Kaamannana Makkalu is a 2008 Kannada-language action comedy drama film directed by Chi.Gurudutt and produced by Chi.Gurudutt and N.S. Rajkumar starring Sudeep, Rockline Venkatesh, Deepu and Vaibhavi. The film is a remake of the Malayalam film Thommanum Makkalum which had already been remade in Tamil as Majaa by Rockline Venkatesh who incidentally was the second lead of this movie. The film was dubbed into Hindi as Aandhi Aur Toofan in 2009 by Wide Angle Media Pvt Ltd and into Telugu as Eela and released on 26 July 2013.

==Plot==

Kamanna (Doddanna) is a thief who has two children: Krishna (Rockline Venkatesh) and Rama (Sudeep). Years go by and the two, Krishna and Rama, decide to stop stealing and mend their ways and lead a hardworking life along with their father.
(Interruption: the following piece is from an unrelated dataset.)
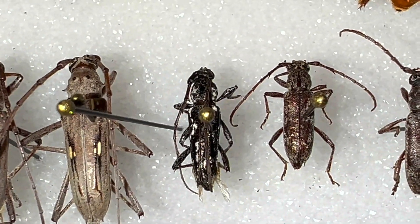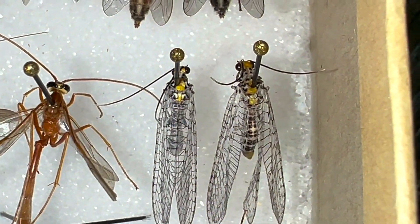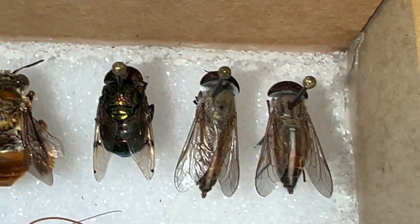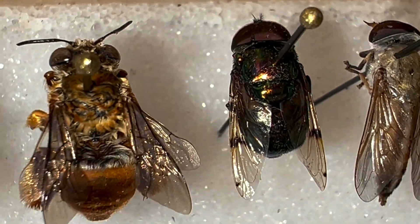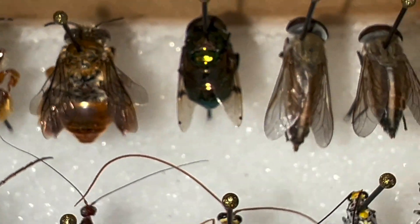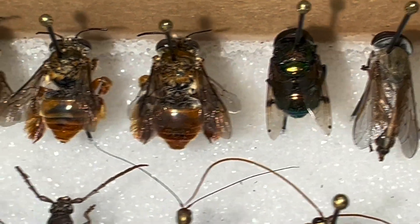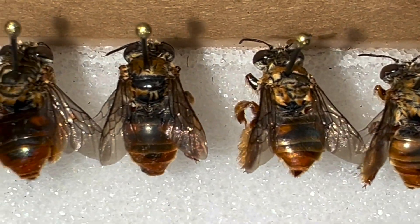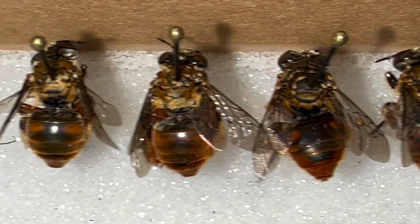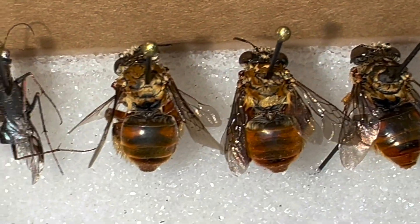We've got one of those guys and then a couple of these. We've got some caddisflies. This fly right here — the colors don't do it justice now, but they're iridescent green. Pretty cool. And then there are these bees right here. These bees are kind of interesting to me. Looking forward to seeing what those guys turn out to be.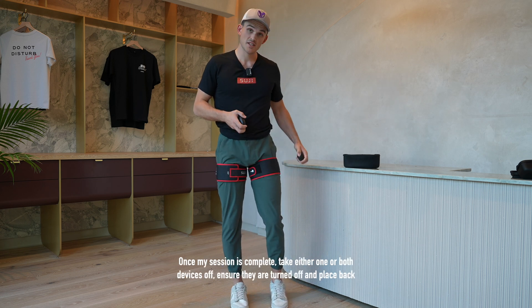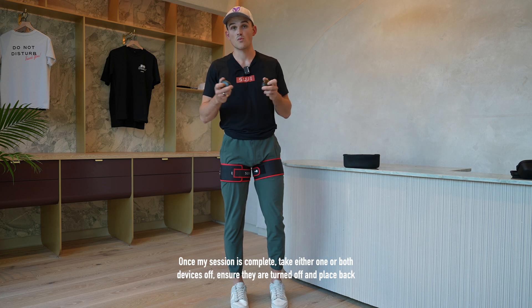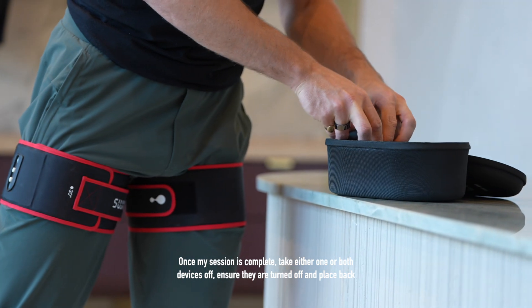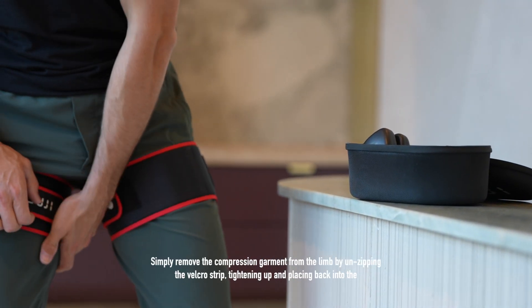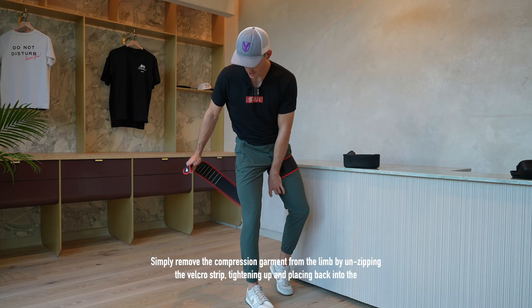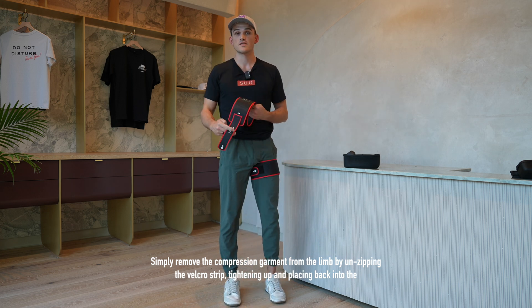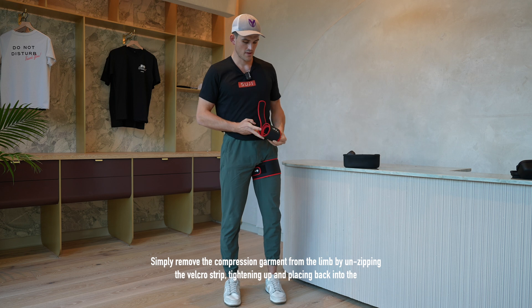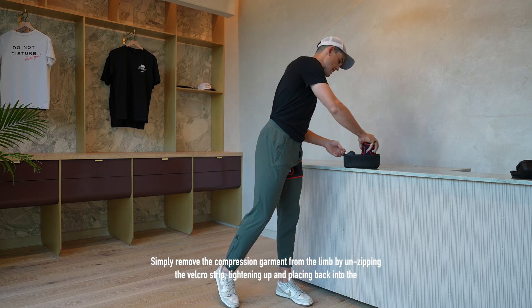Once my session is complete, take either one or both devices off, ensure they are turned off and placed back in the EVA carry case. Simply remove the compression garment from the limb by unzipping the Velcro strip, tightening up and placing back into the carry case.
They migrate to neighboring village and meet a retired agricultural officer, Shivaramanna (Ramesh Bhat) who is in deep debt and is under pressure from the village's landlord, Patela (O.A.K. Sundar) to clear his debts. In efforts to help Shivaramanna, Rama confronts Gayatri (Deepu), Patela's daughter, who comes to collect the money Shivaramanna owes her father. Gayatri starts to acquire a liking for Rama but keeps it hidden due to her father's atrocious temper. In an attempt to teach Patela a lesson, Rama forcibly ties the mangalsutram around Gayatri's neck. Patela, realizing his daughter's love for Rama, comes down to arrange a grand remarriage between the two. But things go awry when Neelakanta (Adi Lokesh), Gayatri's maternal uncle, comes to town in an effort to stop the wedding between the two as he has plans of marrying her and wiping her family fortune.

==Soundtrack==

The songs featured in the film were composed by Vidyasagar. Three tracks were re-used from the composer's Tamil film Majaa - "Kamannanavare", "Mungaru Male" and
"Che Che Chee".

Ramesh Krishna composed the film's background score.

Track listing
| No. | Title | Lyrics | Singer(s) | Length |
|---|---|---|---|---|
| 1. | "Kamannanavare" | Ranganath | Tippu, Manicka Vinayagam |  |
| 2. | "Mungaru Male" | V. Nagendra Prasad | Shankar Mahadevan, Anuradha Sriram |  |
| 3. | "Thakita Thakadhimi" | Ranganath | Tippu |  |
| 4. | "Yaako Brahma" | Ranganath | Fayaz Khan |  |
| 5. | "Che Che Chee" | Kaviraj | Udit Narayan, Saindhavi |  |
| 6. | "Nanna Kanase" | Jayanth Kaikini | Hariharan, K. S. Chithra |  |

== Reception ==
A critic from Rediff.com wrote that "Except for some well-crafted comedy sequences, Kaamannana Makkalu does not impress". A critic from Sify wrote that "On the whole an average film".